M. le président considère comme une impossibilité d’examiner le programme de M. Musy d’ici à lundi et il le prie, par un appel pressant, amical et patriotique, de laisser au conseil le temps de réfléchir et de s’entourer des renseignements nécessaires. Si, en juin, le conseil n’a pas donné les apaisements attendus par M. Musy, celui-ci sera libre d’en tirer les conséquences.

M. le chef du département politique s’associe de tout cœur à l’appel du président, au nom de son amitié personnelle pour M. Musy. Celui-ci doit comprendre qu’en demandant au conseil de se prononcer immédiatement il le place dans une situation qui n’est pas digne d’un gouvernement. M. Motta le prie instamment de prononcer le mot libérateur.

M. le chef du département militaire constate que le programme contient des points importants, sur lesquels il est impossible de se prononcer sans une discussion approfondie. M. Musy pourrait se contenter de la promesse de ses collègues d’entreprendre cette discussion.

M. le chef du département de l’intérieur s’associe à cette manière de voir. Il exprime en outre le vœu que le programme ne soit ni publié ni communiqué à des membres de l’Assemblée fédérale.

M. le chef du département des finances et des douanes se déclare d’accord de ne donner aucune publicité à son programme tant que le conseil ne se sera pas prononcé. Pour le surplus, il demande à réfléchir jusqu’à demain matin.8

M. le chef du département de justice et police prie M. Musy de donner immédiatement la réponse que lui demandent tous ses collègues. En octobre dernier, il avait donné sa démission en raison de l’attitude prise par M. Musy dans la question du programme financier8. Il l’a retirée alors par solidarité. Il demande aujourd’hui à M. Musy de faire de même.

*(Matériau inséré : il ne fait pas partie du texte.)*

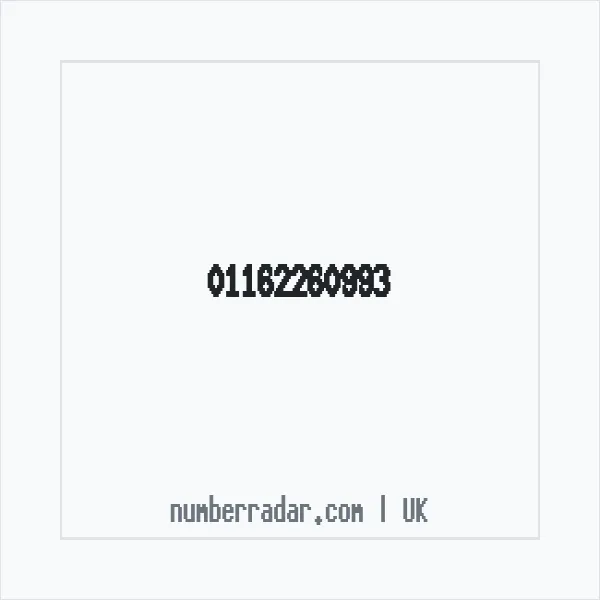 Reverse number check for +44 116 226 0993 — who called me?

Si M. Musy ne donne pas aujourd’hui la réponse attendue, le conseil aura le droit de dire qu’un de ses membres à porté atteinte à sa dignité.

M. le chef du département des finances et des douanes ajourne sa réponse à demain.

1
E 1004 1/345.
2
Pilet-Golaz.
3
Cf. no 18.
4
En outre, le 14 mars, le conseiller national Reinhard a déposé une petite question concernant un incident survenu en caserne l’année précédente au fils du Chef du Département des Finances et des Douanes. Le Conseil fédéral répond le 16 déjà à l’interpellateur(E 1004 1/345, PVCF 0 493 du 16 mars 1934).
5
Cf. annexe au document.
6
Lerejeten votation populaire, le 11 mars, de la loi sur la protection de l’ordre public (cf. no 18).
7
Soit le 19 mars.
8
Le lendemain, J. M. Musy, constatant que la presse, informée malgré tout, parle de l’ultimatum qu'il a posé au gouvernement, annonce à ses collègues que pour apaiser les esprits il ajourne sa détermination définitive jusqu'au moment où le Conseil fédéral aura pris position sur ses propositions. Dans le communiqué publié dans ce sens, le président de la Confédération, à la demande exprès du collège gouvernemental, dément que le Chef du Département des Finances et des Douanes ait posé un ultimatum (E 1004 1/345, PVCF no 487 du 16 mars). Le 22 mars, J. M. Musy confirme sa démission, n'ayant pas obtenu ce qu'il demandait.